The 6.1 percent average increase this year was the slowest rate of premium growth since 1999, when premiums rose 5.3 percent. Since 2001, premiums for family coverage have increased 78 percent, while wages have gone up 19 percent and inflation has gone up 17 percent.

The average premium for family coverage in 2007 is $12,106, and workers on average now pay $3,281 out of their paychecks to cover their share of the cost of a family policy.

"We're seeing some moderation in health-cost increases, but premiums for family coverage now top $12,000 annually," Kaiser President and CEO Drew E. Altman, Ph.D. said. "Every year health insurance becomes less affordable for families and businesses. Over the past six years, the amount families pay out of pocket for their share of premiums has increased by about $1,500."

"The number of options for low wage earners is limited and the greatest burden of all health care costs falls to this segment of the population," said Health Research and Educational Trust President Mary A. Pittman, Dr. P.H. "Although the economy seems to be strong, between 2005 and 2006 the total number of uninsured still rose by 5 percent, including a 9 percent increase in the number of uninsured children."

The annual Kaiser/HRET survey provides a detailed picture of how employer coverage is changing over time in terms of availability, costs and coverage for the 158 million people nationally who rely on employer-sponsored health insurance. It was conducted between January and May of 2007 and included 3,078 randomly selected, non-federal public and private firms with three or more employees (1,997 of which responded to the full survey and 1,081 of which responded to a single question about offering coverage).

While premiums continue to rise faster than workers' wages, this year's gap of 2.4 percentage points is much smaller than the 10.9 percentage point gap recorded four years ago, when premiums rose 13.9 percent and wages grew just 3 percent.

However, "despite the comparatively low rate of increase in premiums and a strong labor market, the percentage of the workforce obtaining coverage from employer-sponsored plans remained unchanged since 2006," reports the Health Affairs article by Kaiser's Gary Claxton and coauthors. The 60 percent of firms offering health benefits to at least some of their workers is statistically unchanged from last year's offer rate (61 percent). The offer rate remains significantly lower than it was in 2000, when 69 percent of firms offered health benefits. Nearly all (99 percent) large businesses with at least 200 workers offer health benefits to their workers this year, but fewer than half (45 percent) of the smallest firms with three to nine workers do so.

Contributions, cost-sharing
Covered workers on average pay 16 percent of the overall premiums for single coverage and 28 percent for family coverage -- shares that have remained relatively stable over the past years.

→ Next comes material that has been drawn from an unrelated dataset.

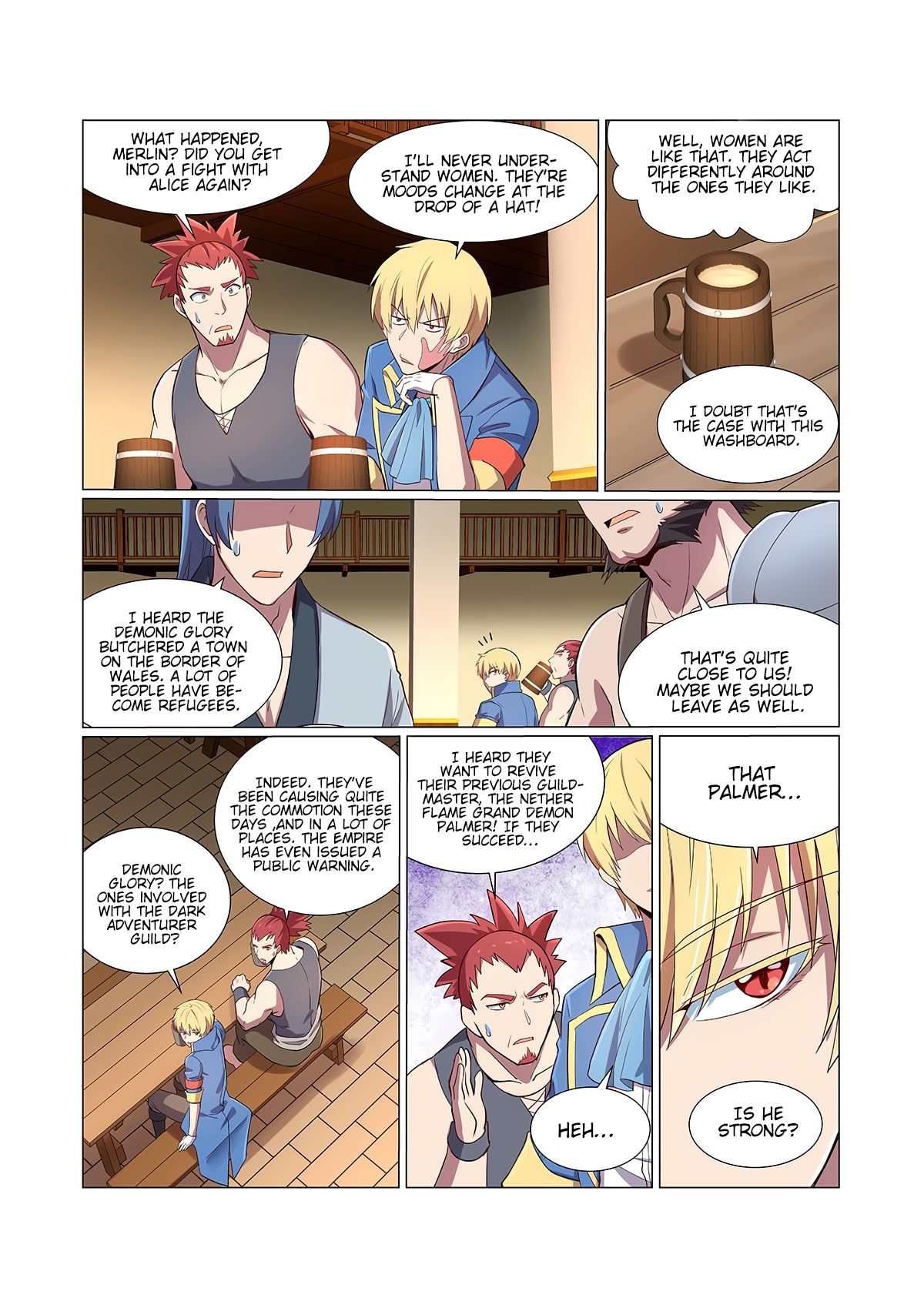 The Demon King Who Lost His Job Chapter 138 page 13 - Chapter 138
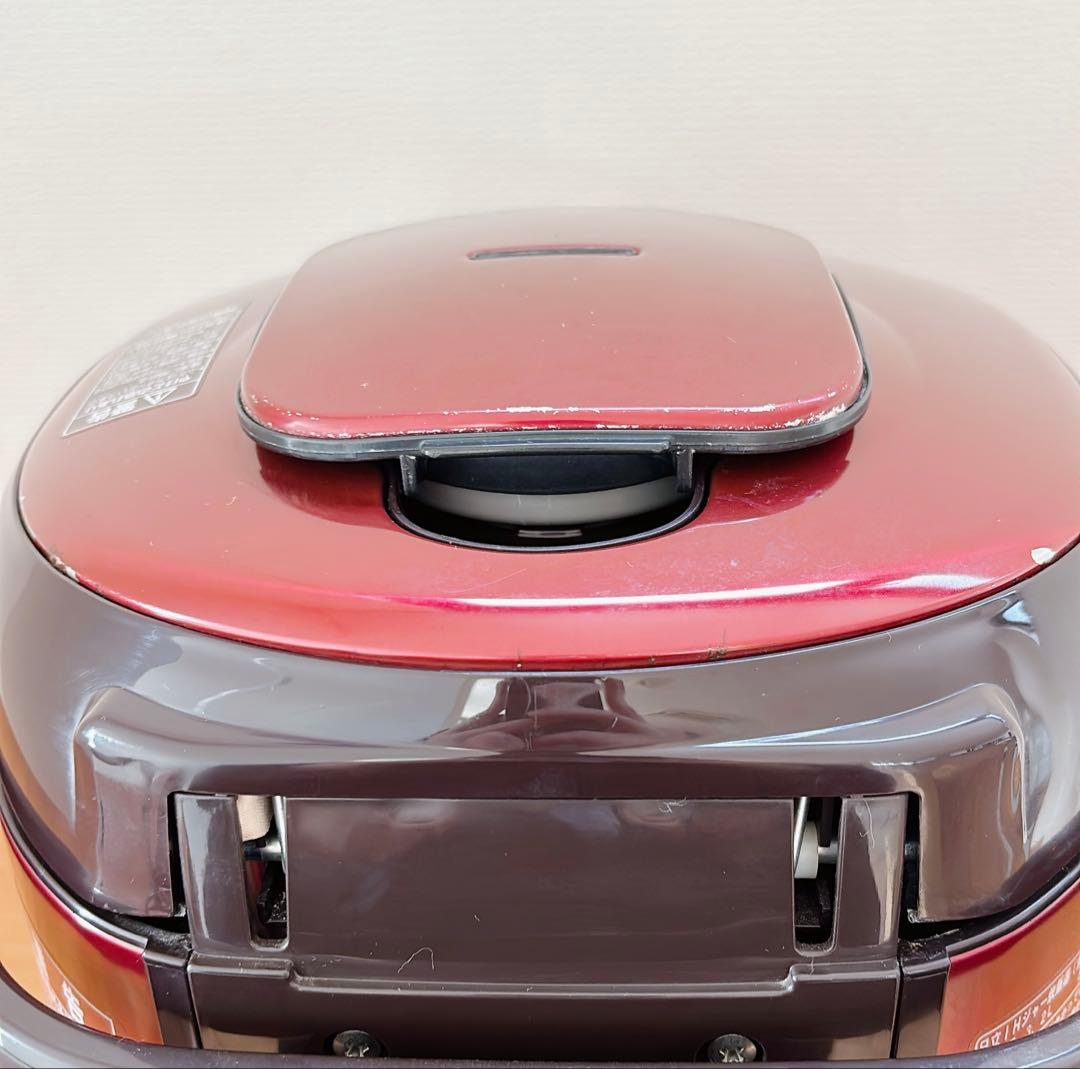 日立RZ-SG10J圧力IH炊飯器5.5合 赤 動作品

However, workers in small firms (three to 199 workers) pay significantly more on average toward the cost of family coverage ($4,236 annually) compared to larger firms ($2,831 annually). For single coverage, the opposite is true, with workers at small firms annually contributing less on average than workers at large firms ($561 vs. $759).

Among firms that offer health benefits, 10 percent vary how much workers contribute based on the workers' earnings, about the same share as in 2005. About 6 percent of firms vary premium contributions based on employees' participation in wellness programs, up from 3 percent in 2005. In addition, 10 percent of firms offer financial incentives for workers to enroll in a spouse's health plan, which can reduce the firm's health care costs.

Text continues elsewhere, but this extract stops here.